What you should do
Where a picture appears, leave it out, and transcribe all the lines below exactly.

Data below
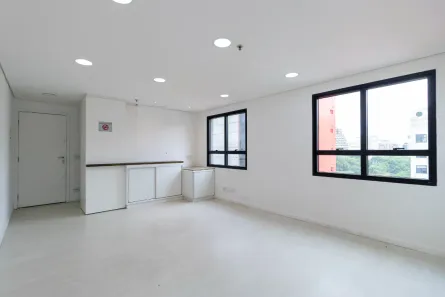 Sala Comercial para alugar, 41m² no Liberdade, São Paulo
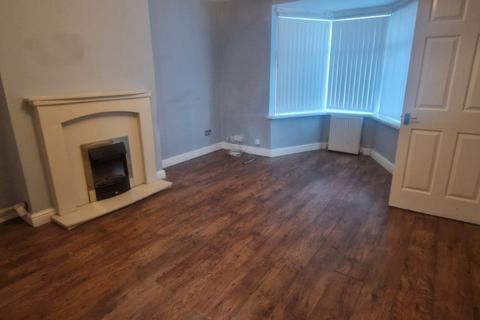 3 bedroom terraced house to rent, Uffculme Road, Birmingham B30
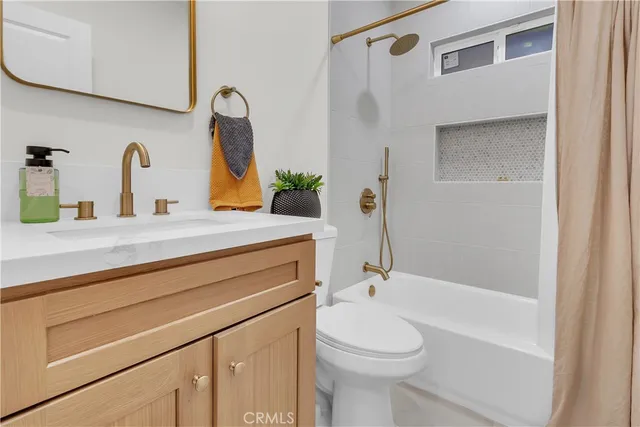 $799,900 | 721 East 59th Street, Long Beach, CA 90805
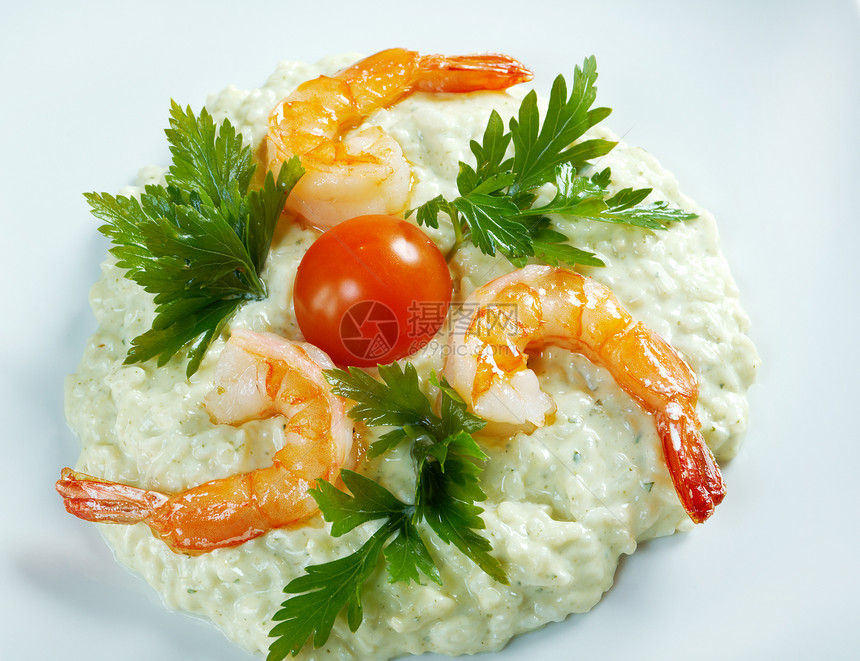 美味的意大利面条和虾类粮食食物贝类餐厅盘子海鲜美食蔬菜香菜图片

Problem solution
 Sala Comercial para alugar, 41m² no Liberdade, São Paulo
 3 bedroom terraced house to rent, Uffculme Road, Birmingham B30
 $799,900 | 721 East 59th Street, Long Beach, CA 90805
 美味的意大利面条和虾类粮食食物贝类餐厅盘子海鲜美食蔬菜香菜图片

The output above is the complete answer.